Fernanda Cimini afirma que a reação do presidente norte-americano era esperada e até mesmo desejada pelos países do Brics, já que as movimentações deverão engatilhar alguma mudança no Norte Global e até mesmo fortalecer o grupo de países do qual o Brasil faz parte.
“Quando o Trump reage a uma reunião do Brics, mostra que, de fato, ele está ‘mordendo a isca’, está entendendo que o Brics tem alguma relevância, que tem algum jogo acontecendo”, disse. “Ou seja, se antes não havia um jogo sendo jogado, se antes era um jogo apenas do lado do Sul Global, agora os Estados Unidos vão validar a existência desse jogo”, analisa.

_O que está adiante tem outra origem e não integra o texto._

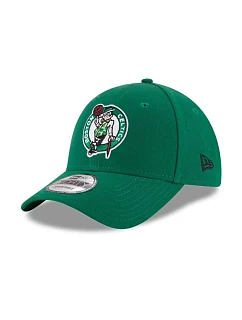 New Era 9FORTY NBA Boston Celtics The League Green Youth baseballová čepice - 11405647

A aproximação entre os países do Brics, reforçada no Rio, é, justamente, uma “união de esforços” para ter uma menor dependência dos EUA e da União Europeia, explica o professor dos cursos de gestão e RI, do UniBH, Fernando Sette. Ele aponta que a aproximação não eliminará a dependência do dólar, já que a força das moedas do Brics – e de uma futura moeda do grupo – dependerá também da força da moeda norte-americana, mas deve diminuir.
“As reservas internacionais brasileiras são lastreadas em dólar. Qualquer coisa que afete o dólar ou qualquer comportamento da política americana, do ponto de vista econômico, vai afetar as reservas brasileiras”, avalia Sette. “Se começa a diversificar – e esse movimento demora alguns bons anos – as reservas internacionais através dessas transações bilaterais, em moeda que não seja o dólar, têm uma menor dependência a médio e longo prazo”, completa.

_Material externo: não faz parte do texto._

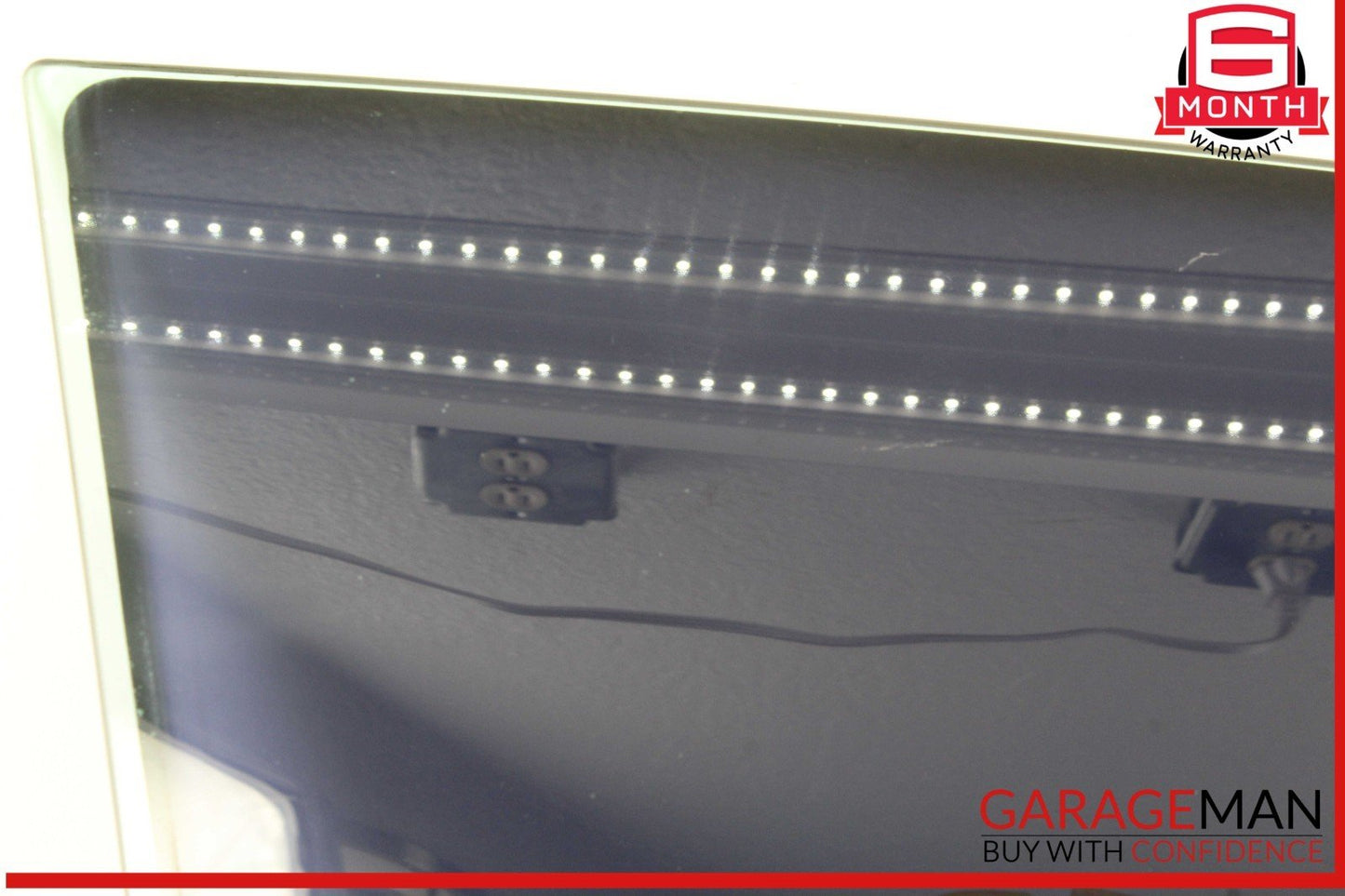 11-18 Porsche Cayenne 958 Front Right Passenger Side Door Window Auto Glass OEM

A professora da UFMG pontua ainda que, com China e Rússia já têm relações já estremecidas com os Estados Unidos, o Brasil e a Índia surgem como os países mais moderados do Brics na relação com a maior economia do mundo, mas que essa dinâmica dependerá de cada caso da agenda econômica entre as nações brasileira, indiana e norte-americana.
Protecionismo com disputa entre EUA e China prejudica Minas
O pesquisador da Fundação João Pinheiro (FJP), Lúcio Barbosa, destaca o peso extremamente relevante do principal integrante do Brics, a China, na economia mineira, responsável, sozinha, por praticamente um terço das importações do Estado e um terço das exportações de Minas.
Ele também destaca que, a bem da verdade, Rússia e Índia contam com participações na economia de Minas bem menores que a chinesa, mas ainda são representativas quando postas em comparação entre todos os países.
Ainda assim, Barbosa considera o Brics mais como um espaço de governança do que econômico, que tenta se contrapor ao poder dos Estados Unidos, e que é visto por Trump como um polo em uma disputa que leva a mais protecionismo. “A ‘concorrência’ que está sendo posta agora está sendo mediada por tarifas. O momento atual, com esses polos de poder disputando, principalmente China e EUA, é pior para a economia mineira”, analisa.
Ele ressalta que, por ser atualmente o principal parceiro comercial de Minas Gerais e do Brasil, o Estado e o País não conseguiriam agir com indiferença com os chineses. “Estar próximo da China, possivelmente, é mais relevante do que estar próximo dos Estados Unidos, nesse momento”, argumenta.